In the material below, begin at the line that has "Limited Edition Color", stop after the line that has "a view of a", and transcribe those lines exactly, without pictures.

---+---

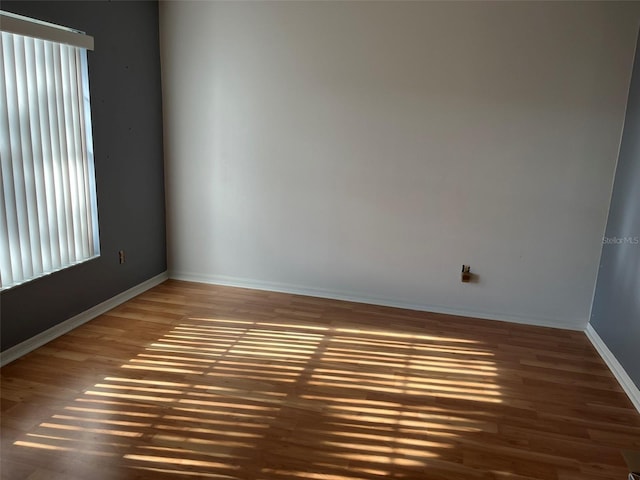 empty room with baseboards and wood finished floors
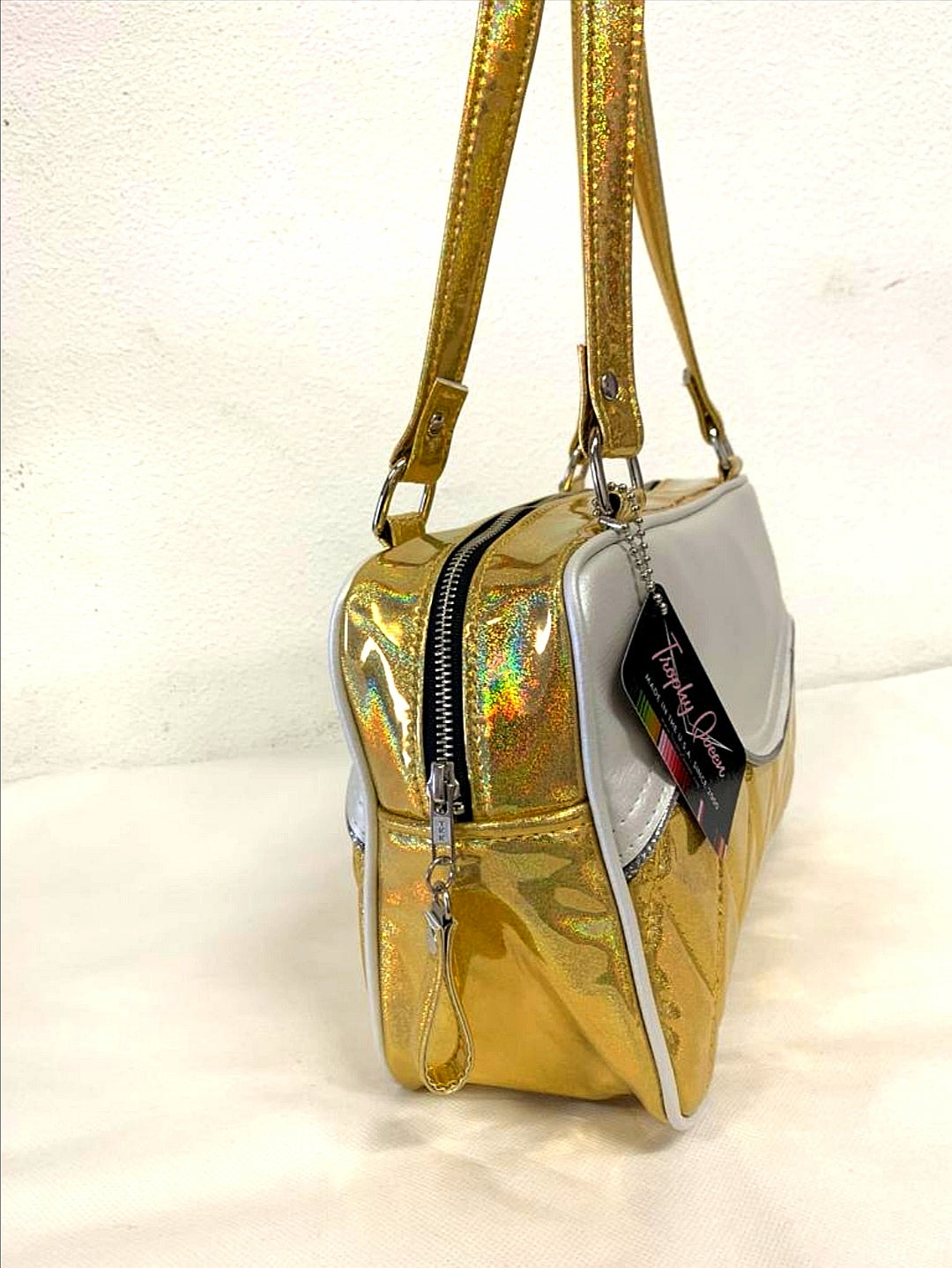 Limited Edition Color the Diamond Pleat Tuck and Roll Tote in Cosmic Gold Glitter and Pearl White Vinyl with plush leopard lining is handcrafted in California with nickel hardware and 25” straps plus it comes with replacement straps. Inside open divided pocket and inside zipper pocket with serial number hidden inside. Nickel feet, vinyl zipper pull, and signature Trophy Queen Label included. The perfect size bag for any trip!
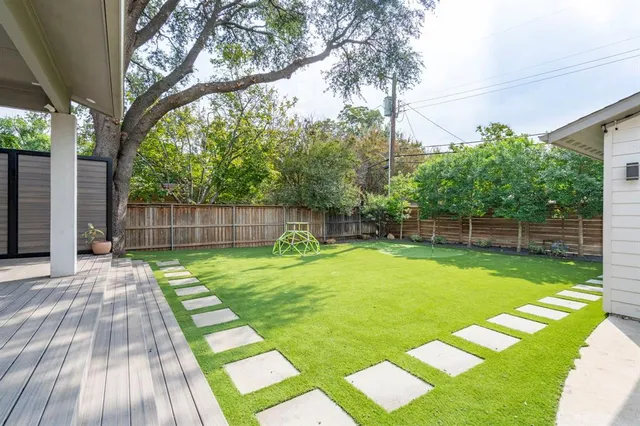 a view of a house with swimming pool and a big yard
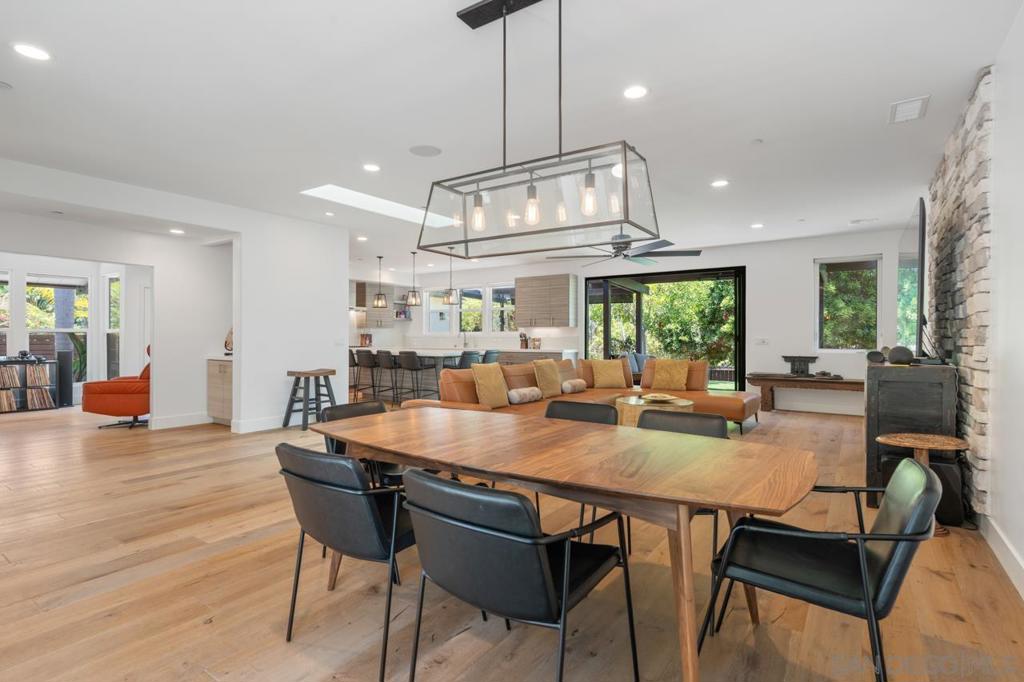 Just blocks from San Diego’s premier beaches and vibrant dining scene, this custom-designed single-story beach home in Encinitas Highlands offers the ultimate in coastal living. Every inch of this home exudes thoughtful design, from the wide-plank European white oak flooring to the sleek lighting fixtures. Expansive bi-folding doors seamlessly blend indoor and outdoor living, opening to a beautifully landscaped 16,000 sq. ft. private lot — complete with a detached guest house (approx. 518 sq. ft.), perfect for visitors or a home office. This is a rare opportunity to own a one-of-a-kind coastal retreat where style, comfort, and location converge. There is truly nothing else like it on the coast! Additional features include an open-concept layout, Thermador kitchen appliances, Puronics water softener and reverse osmosis filters, new tankless water heater, new toilets, new paint. Don’t miss this unique gem!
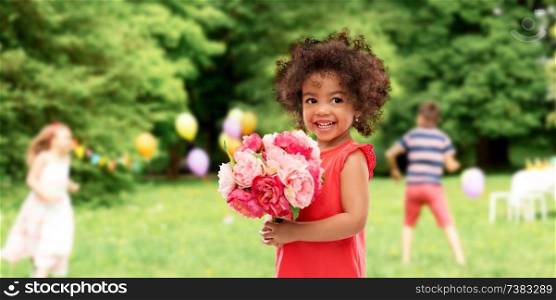 childhood and people concept - happy little african american girl with flowers at birthday party over summer park background. happy little african american girl with flowers
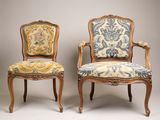 pair of louis xv style armchairs with upholstered upholstered cushions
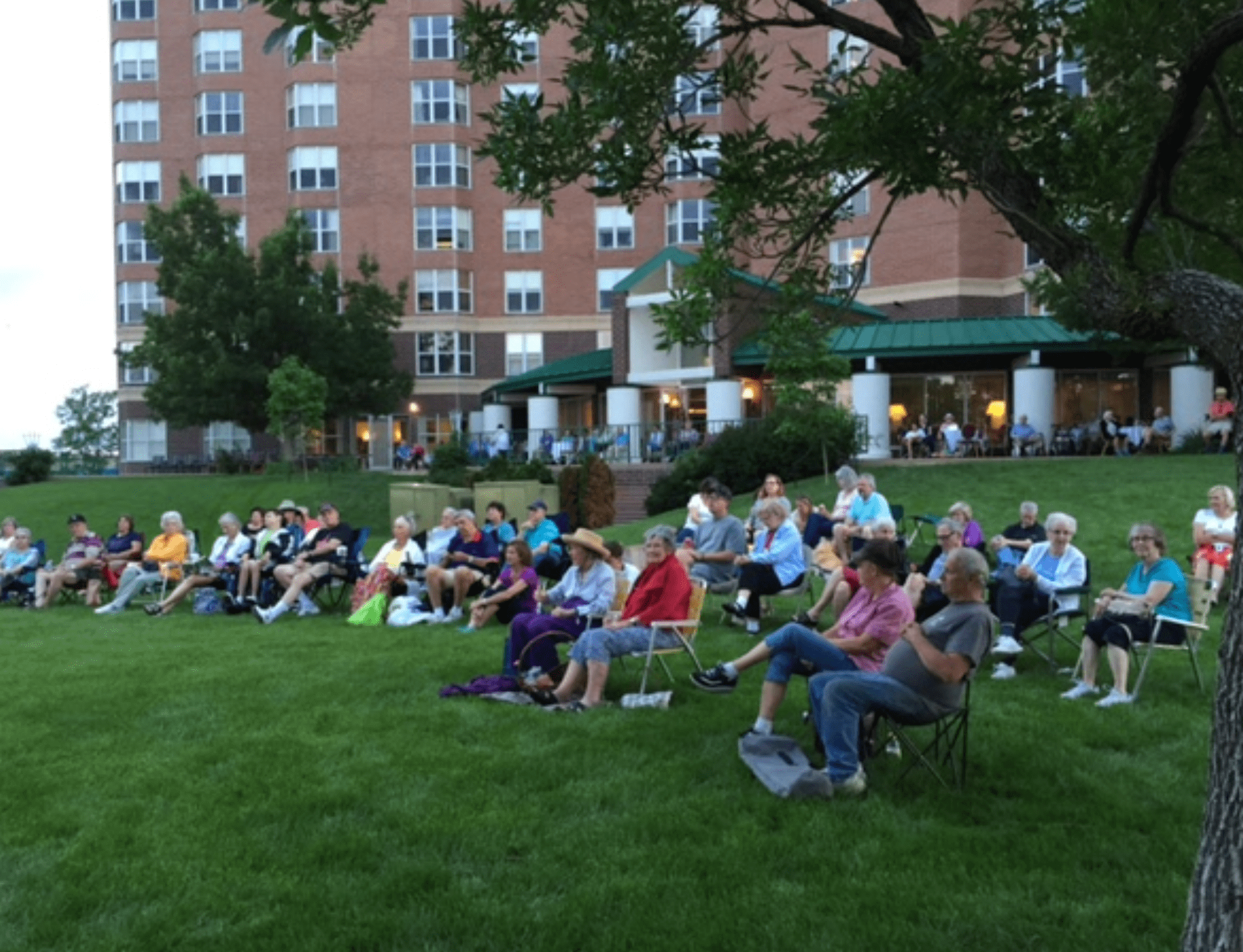 a large group of people sitting on the grass in front of a building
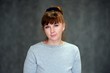 © Вячеслав Чичаев - Close-up portrait of an adult woman with red hair on a gray background in a gray sweater in the studio. Clean face skin, age-related cosmetics.
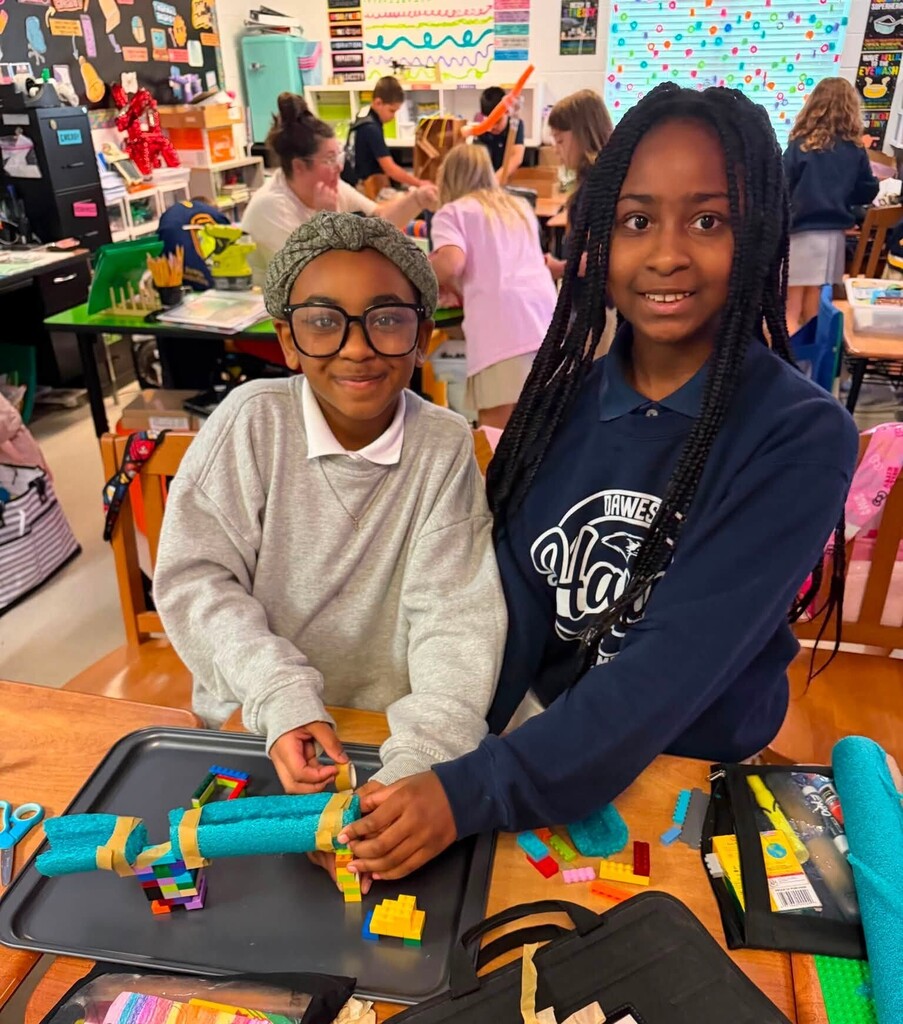 Two students and a marble ramp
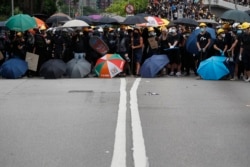 Protesters face off against riot police at the entrance to a village at Yuen Long district in Hong Kong, July 27, 2019. Protesters wearing black streamed through Yuen Long, even though police refused to grant permission for the march.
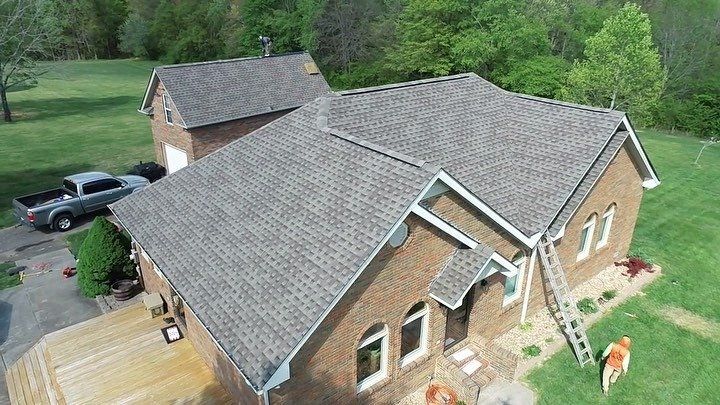 Aerial view of a brick house with a gray roof, ladder on the side, and a truck in the driveway.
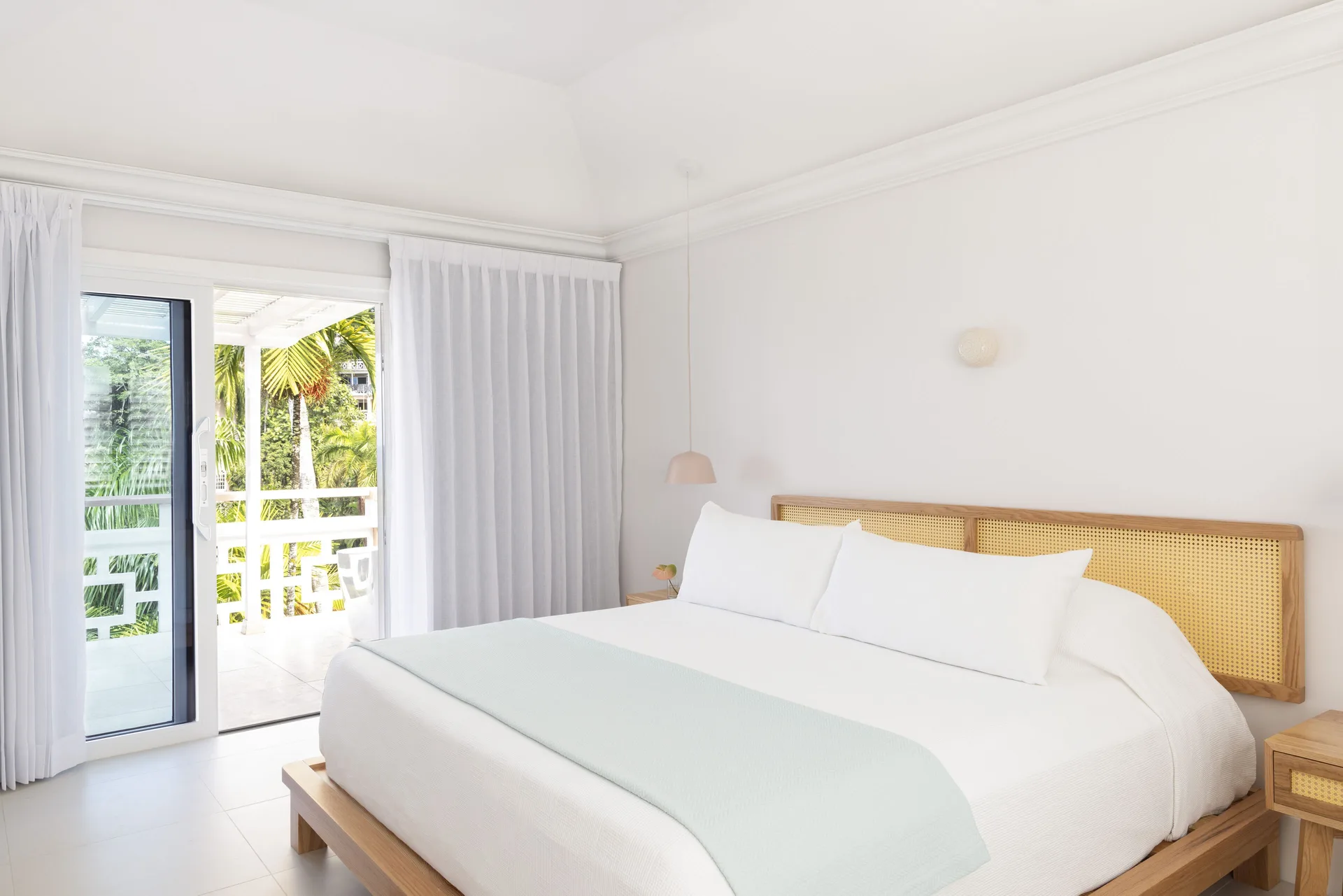 Penthouse Ocean Suite king bed and balcony doors at Couples Sans Souci.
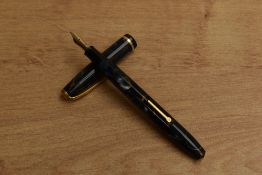 A Conway Stewart 12 lever fill fountain pen in Blue Marble with Gold veining with single narrow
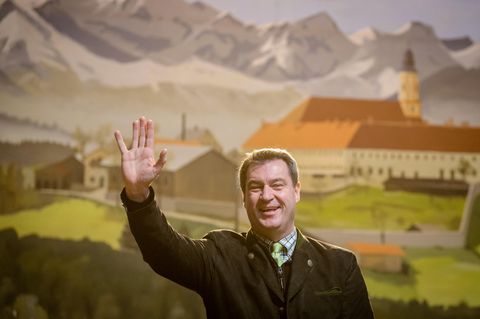 Vor einer gemalten bayrischen Landschaft mit Bergen und Kloster steht Markus Söder im Janker und winkt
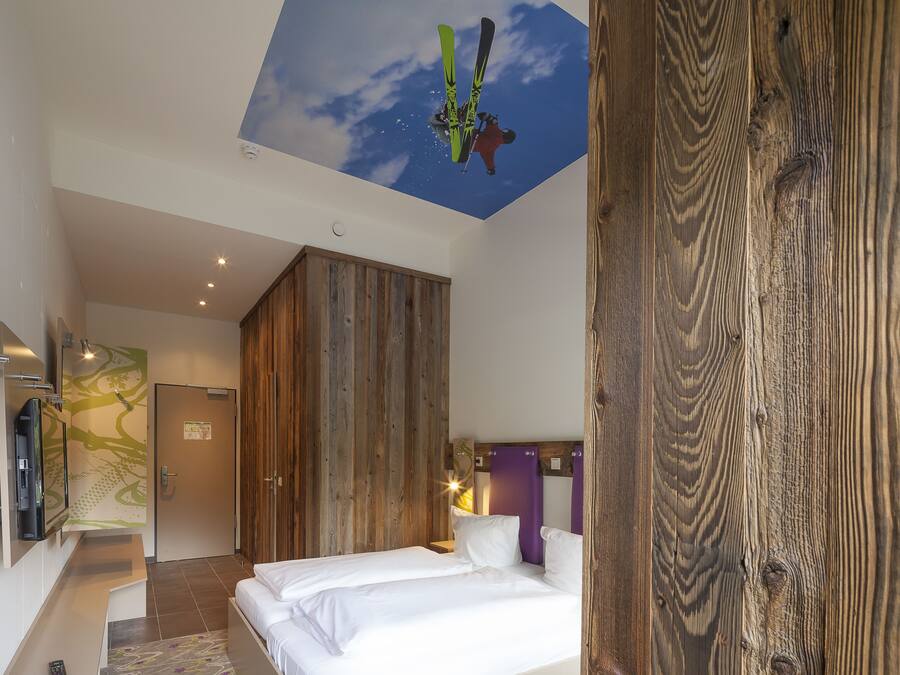 A hotel room with a large bed, wooden wardrobe, and a ceiling mural of a skier.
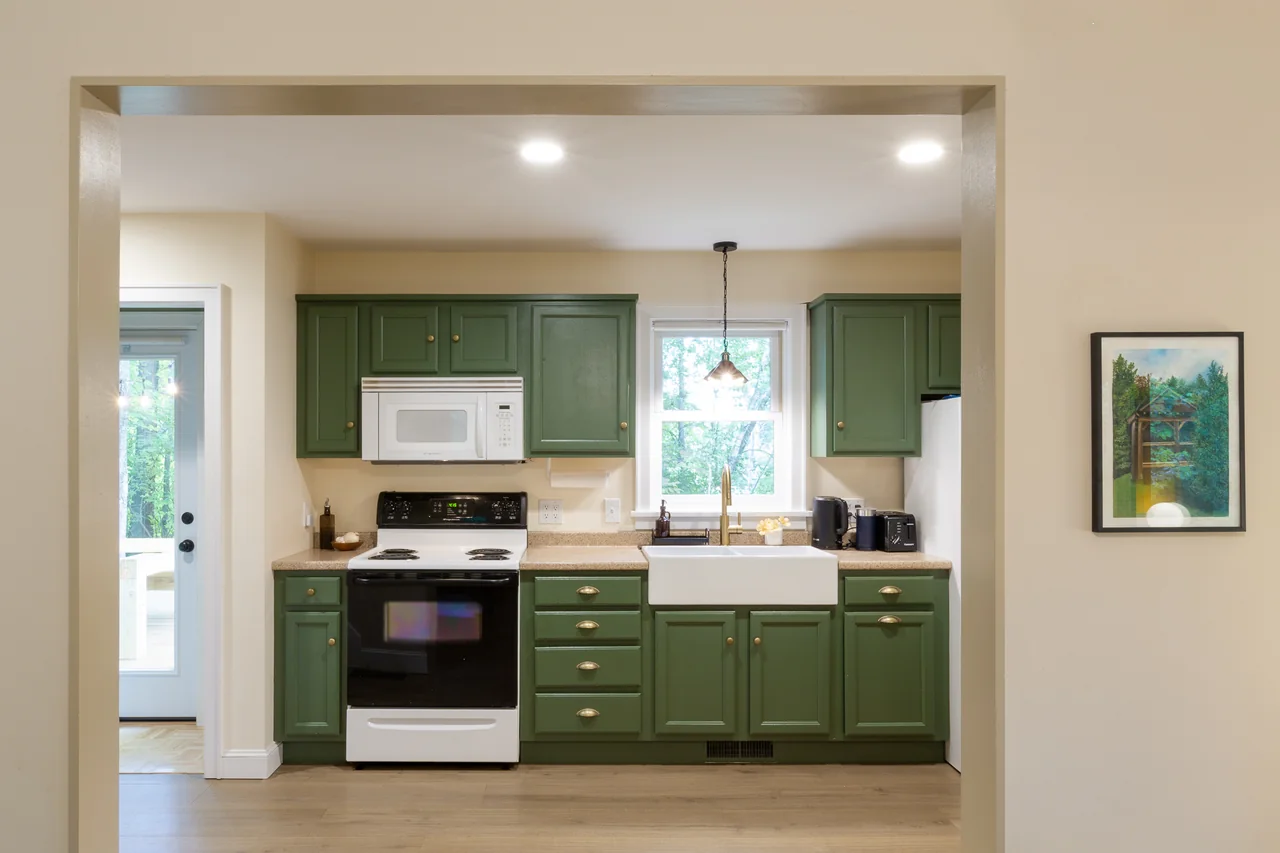 Green kitchen cabinets beneath two windows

---+---

** Completed task **
 Limited Edition Color the Diamond Pleat Tuck and Roll Tote in Cosmic Gold Glitter and Pearl White Vinyl with plush leopard lining is handcrafted in California with nickel hardware and 25” straps plus it comes with replacement straps. Inside open divided pocket and inside zipper pocket with serial number hidden inside. Nickel feet, vinyl zipper pull, and signature Trophy Queen Label included. The perfect size bag for any trip!
 a view of a house with swimming pool and a big yard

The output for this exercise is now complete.